Santa changed all that when he gave us trains. Trains did things. Not only did they chug around the layout with the merest twist of the transformer control, but fixtures on the layout did things, too. Red- and green-lighted switches rerouted trains in the blink of an eye. Couplers uncoupled at the touch of a button. Crossing gates lowered. Whistles blew. Lights blinked on and off. Just about everything did something.

My train, for instance, had an operating milk car. You flipped open a small hatch in the roof of the pristine white car and inserted tiny metal milk cans. Then, when the car stopped opposite the unloading platform, you could push a remote button and the center doors of the car would fly open and a miniature milkman would busily begin pushing the milk cans onto the platform. I loved that car and never tired of watching it perform.

My brother’s set had an equally exciting car, one that would load and unload cattle. This amber-colored cattle car held nine black rubber cows that would, when you pushed a remote button, exit through a door at the forward end of the car. If you held the button down, the cows would, one by one, travel around the adjacent stockyard platform and then re-enter the car at the rear.

The whole operation worked through vibration. Pushing the remote button caused both the platform and the interior of the car to vibrate and the cows to move. Lionel engineers had designed ridges on the cow’s feet to cause them to always move in a forward direction.

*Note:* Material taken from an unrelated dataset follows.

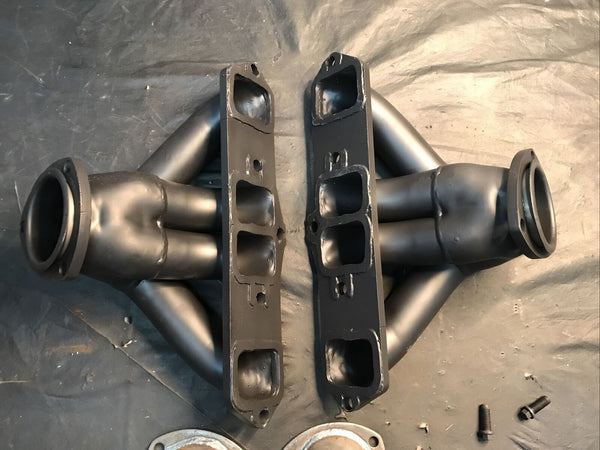 Sanderson Oldsmobile 455 V8 1-7/8" Satin Black Ceramic Exhaust Headers O455-SEC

If you wanted to keep the cows on the platform until the train pulled in next time, you could manually close a gate and the cows wouldn’t be able to re-enter the car.

But even though there was a lot happening on the layout, Cliff and I soon grew bored watching our trains race ’round and ’round our miniature cities. So we got creative. We discovered that we could simultaneously throw our switches and send our locomotives through the cross-over to the opposite layout, just missing the other brother’s locomotive. What a thrill!

Of course, sometimes we cut it too fine, and the steel-jacketed engines would crash into one another. I’m sure today’s train collectors would shrink in horror to hear me say that, but at the time Cliff and I didn’t know any better. The locomotives seemed indestructible. Even when they flew off the track on a curve and landed on the concrete floor, they seemed to suffer no noticeable harm.

Years later, I asked my mother what happened to my trains. She couldn’t remember. I suppose she probably passed them on to a younger cousin or gave them to the Salvation Army. Unfortunately, I hadn’t noticed when they disappeared, having long before grown bored with them.

I’m sure that, at the time, the trains seemed hopelessly mired in my childish past. And besides, by then I had entered the second decade of my life and more exciting things had captured my imagination; things like my lipstick-red electric guitar, girls and the ultimate symbol of teenage freedom, my first car.

Still, sometimes, I think about those old electric trains. Sometimes I even think about finding an old set and building a layout so I could watch them run again. Then I’m going to turn out all the lights, lay down on the floor, and wait for that locomotive headlight to rush toward me out of the dark.

And when that caboose light has receded in the distance, I’ll think about all the fascinating cities I’ve explored in my life and how it all got started.